FrenchImpressions

THE STRAD RECOMMENDS

The Strad Issue: January 2011
Description: Electrifying accounts of Gallic classics for violin
Musicians: Rachel Kolly d’Alba (violin) Bienne Symphony Orchestra/Jean-Jacques Kantorow, Pays de la Loire National Orchestra/John Axelrod
Composer: Saint-Saëns, Ysaÿe, Chausson, Ravel


As a follow up to her fine recording of Ysaÿe sonatas last year, Rachel Kolly d’Alba, a former child prodigy and winner of the Paderewski Prize and Jeunesses Musicales Competition, presents an outstanding selection of Franco–Belgian violin favourites.
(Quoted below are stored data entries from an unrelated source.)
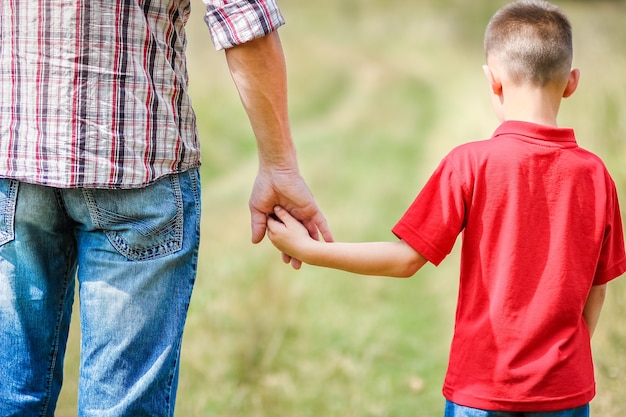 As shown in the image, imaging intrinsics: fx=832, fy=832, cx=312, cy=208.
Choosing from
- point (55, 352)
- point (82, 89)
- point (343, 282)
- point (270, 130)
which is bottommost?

Her electrifying intensity and deep involvement with the emotional narrative of each piece makes an indelible impact and feels like a throwback to a golden age when making music felt like an act of celebration. The opening movement of the Saint-Saëns is so pulsatingly alive, so keenly responsive to the great Frenchman’s every caprice and whimsy that it feels as though one is hearing the piece for the very first time.

The Chausson is a much tougher nut to crack. Its Parsifal-like sound world and profoundly intimate, half-whispered intimacy would on paper appear to be the antithesis of everything a concertante item should be. The soloist must become a poetic, muse-like figure, meditating introspectively on the musical world around her. In this important respect, d’Alba’s hypnotic performance is a triumph of interpretative incandescence as she weaves in and out of the music’s surging textures.

The sensation of a gifted virtuoso riding the tide of each composer’s exuberant creative imagination continues with unforgettable accounts of Ravel’s Tzigane and two Ysaÿe classics (Rêve d’enfant and Berceuse de l’enfant pauvre). D’Alba is supported to the hilt by her accompanists, and the engineering (although a shade lacking in ambience in the Saint-Saëns) captures her alluring sound world to perfection.